**Tom’s Tutorials For Excel: Fuzzy Matching With Partial Strings For Sum or Average**

When you have a mish-mash of alphanumeric strings in a list, here’s how you can sum or average their corresponding numbers based on a partial string criterion.

The picture shows two examples with the criterion in cell B4.

The example on the left evaluates each item in column B for the presence of “354” and sums for column C. The cells that match are B13, B16, and B19, so their corresponding numbers in cells C13, C16, and C19 sum to 168 in blue-colored cell C4, with array formula

`=SUM(IF(ISNUMBER(FIND(B4,B7:B19,1)),C7:C19))`

.

The example on the right evaluates each item in column B for the presence of case insensitive “ATLAS” and averages for column C. The cells that match are B7, B8, B14, B15, and B19, with numbers in C7, C8, C14, C15, C19 averaged in pink-colored cell C4, by array formula

`=AVERAGE(IF(ISNUMBER(FIND(B4,B7:B19,1)),C7:C19))`

.

Recall, array formulas are applied to a cell by simultaneously pressing the Ctrl+Shift+Enter keys, not just Enter. The curly braces are not typed in by you; Excel places them automatically when the array formula is properly installed.

Hi Tom,

For fun, I tried to modify the formula so that the partial string value of 354 can be separated with other text and/or numbers. It seems to be possible but it’s a long formula! I’ll test it and share tomorrow.

Cheers,

Kevin Lehrbass

https://www.youtube.com/user/MySpreadsheetLab

Hi guys,

Is the challenge still open? Didn’t sound as hard to me – solved for SUM & AVERAGE by using 4 & 5 functions respectively: either below 70 chars, and both array entered.

Regards,

Zoran

—

Way to contact me: https://goo.gl/O2cSY8

Dear Sir,

Why did you not use wildcard here ?

Regards,

Vikas.

What wildcard would help? You need to evaluate for the presence of a specific string (in a larger string) such as in the criteria cell B4. If I am looking for “XYZ” and in the string, there exists KJSHXYZLRGY, and I used the “?” wildcard to find ?XYZ? then my returned result would be HXYZL. That can be bypassed with just the specific presence of XYZ using the FIND method for an exact match of that (in this example) 3-character string inside a larger string.

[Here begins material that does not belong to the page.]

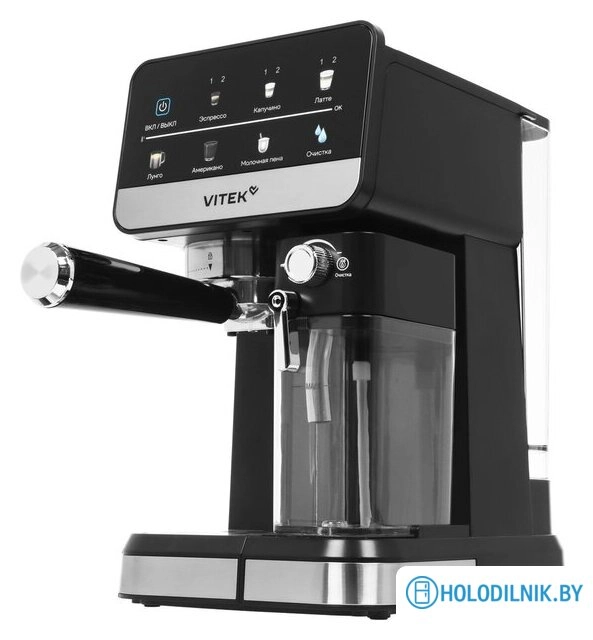 Рожковая кофеварка Vitek VT-CME1503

If I’m not mistaken, the asterick wild card would work (as long as cells are text):

SUMIF(B7:B19,”*354*”,C7:C19) OR “*ATLAS*”

AVERAGEIF can be used for averages.

Hi Dan, thanks. Also I see I missed a previous, similar comment from Vikas, and yes, you are right.

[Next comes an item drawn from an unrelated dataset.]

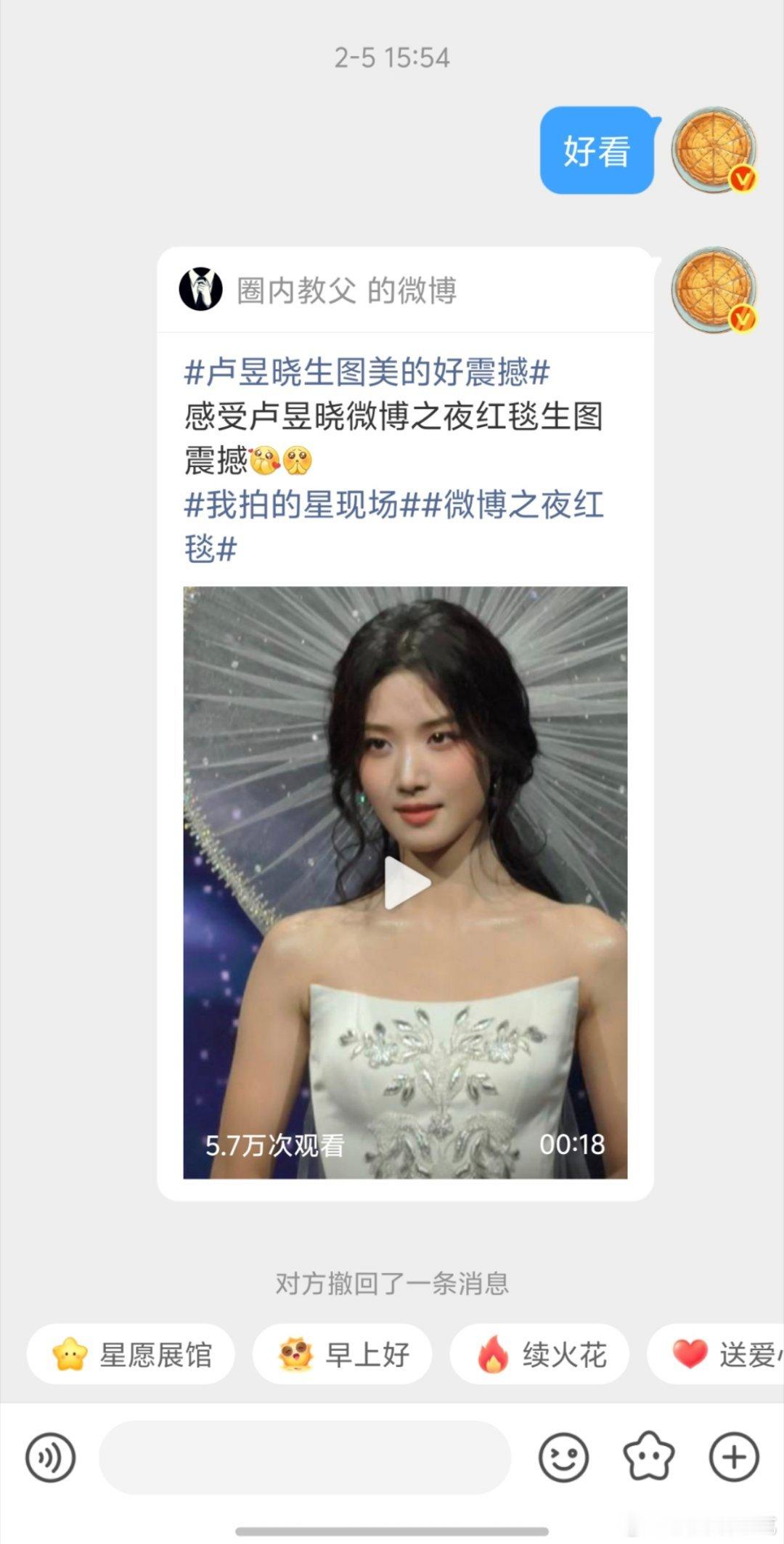 我就说特别合适吧，完全量身定制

I can’t remember exactly, so I need to go back to my notes from when I wrote this post, but something back then struck me about running into unreliable results with wildcards as opposed to FIND. I’ll go back and see, with an example to show (if it turns out to be the case), a scenario I seem to recall coming across that fails with wildcards. In the meantime I wanted to reply and thank you (and Vikas belatedly) for your comments, much appreciated.